2. Forecast Benchmarking
FROM FLASHCARDS TO TRULY DATA-DRIVEN SALES FUNNEL
Now that the hit rate engine is up and running, it is time to feed it some opportunity data! The model predicts the probability of acceptance for each individual opportunity fed to the algorithm, which allows better approximation of the sales funnel. The expected aggregate revenue can be estimated by multiplying predicted hit rates by the corresponding opportunity prices and summing up the results. Assuming that margin for each opportunity is known or derivable, it is possible to produce profitability estimates as well. The forecasting results can be integrated to the current BI reporting solution, which enables enhanced sales management and coordination.
3. Intelligent Sales Funnel
The gradient boosting method also allows extraction of the most relevant features predicting hit rate, which provides sales management with interesting insights. Hit rate drivers can be considered valuable from the product portfolio viewpoint too. However, some of these attributes are bound to be rather obvious — if price and margin are not listed among the most important hit rate features, your model may be misspecified.
Gradient boosting is a non-linear modeling procedure, so a direct two-way interpretation for factor contribution does not exist.
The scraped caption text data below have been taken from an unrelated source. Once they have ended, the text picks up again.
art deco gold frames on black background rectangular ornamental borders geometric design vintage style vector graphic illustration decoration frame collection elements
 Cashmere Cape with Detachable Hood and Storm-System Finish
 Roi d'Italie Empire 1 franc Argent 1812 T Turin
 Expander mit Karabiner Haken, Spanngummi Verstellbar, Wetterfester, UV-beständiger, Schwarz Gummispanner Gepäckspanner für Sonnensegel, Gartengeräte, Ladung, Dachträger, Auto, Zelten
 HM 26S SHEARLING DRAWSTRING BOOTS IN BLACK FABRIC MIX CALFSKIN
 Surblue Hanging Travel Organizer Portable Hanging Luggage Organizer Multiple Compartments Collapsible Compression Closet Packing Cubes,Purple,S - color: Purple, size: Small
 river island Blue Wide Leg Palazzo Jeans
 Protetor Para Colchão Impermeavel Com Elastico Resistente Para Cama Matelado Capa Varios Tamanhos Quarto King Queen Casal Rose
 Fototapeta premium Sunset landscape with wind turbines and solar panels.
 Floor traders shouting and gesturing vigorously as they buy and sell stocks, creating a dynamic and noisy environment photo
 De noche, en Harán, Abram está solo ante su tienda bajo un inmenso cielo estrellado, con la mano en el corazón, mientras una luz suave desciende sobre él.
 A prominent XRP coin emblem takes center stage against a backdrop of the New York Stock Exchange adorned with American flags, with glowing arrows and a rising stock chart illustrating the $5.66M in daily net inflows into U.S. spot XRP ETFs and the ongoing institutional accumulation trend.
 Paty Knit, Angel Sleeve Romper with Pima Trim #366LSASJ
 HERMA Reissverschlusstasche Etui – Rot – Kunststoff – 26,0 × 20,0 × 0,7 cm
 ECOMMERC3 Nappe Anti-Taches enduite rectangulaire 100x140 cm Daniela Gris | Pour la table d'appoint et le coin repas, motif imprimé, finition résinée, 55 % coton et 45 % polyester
Usually a combined feature importance metric is used because model attributes have three importance dimensions to them. Firstly, the “gain” metric is a volume-oriented forecast contribution statistic. On the contrary, “frequency” conveys how often features occur as tree splits within the model. Finally, the “cover” metric is for the relative number of opportunities associated with each particular feature. In case you are not satisfied with the combined metric nor individual components, it is also possible to visualize individual trees to truly understand the model dynamics.
SCENARIO-BASED PROFITABILITY MODELLING
The hit rate engine enables “what-if” analysis for individual opportunities, which allows the model to be deployed as a sales assistant. This ML implementation provides salespeople with a statistically justifiable estimate on how hit rate and profitability evolve as opportunity price is increased or decreased. More attributes for a salesperson to tinker with can be included as well.
4. Hit Rate Engine as a Sales Assistant
To fulfil the requirements set by the sales assistant use case, a range of prices has to be fed to the algorithm. The resulting impulse response is a range of hit rates. If the margin is included in the model, it has to be dynamically adjusted as price changes by using a suitable dependency function.
Hit Rate = Model(Price, Margin, Features1-N) + Ɛ
Now that we get the curve of hit rates out by dynamically changing price and margin, it is time to add profitability into the equation. This is fairly straightforward as we already have hit rate and margin calculated for each price level. The formula of expected profit includes probability of winning, corresponding price and margin at this price. This is obviously something that corporations want to maximize.
Expected Profit = Hit Rate * Opportunity Price * Margin
Forecasting accuracy increases along with the number of entered model input features assuming that the underlying statistical model has been produced according to best practices. The behaviour of hit rate and profitability with respect to price can be visualized and embedded as a sales assistant feature in a CRM or CPQ system. Of course, this requires proper usability design to ensure that the complexity of the underlying model is hidden from the salesperson. The model does not have to be trained constantly, so response time is not an issue.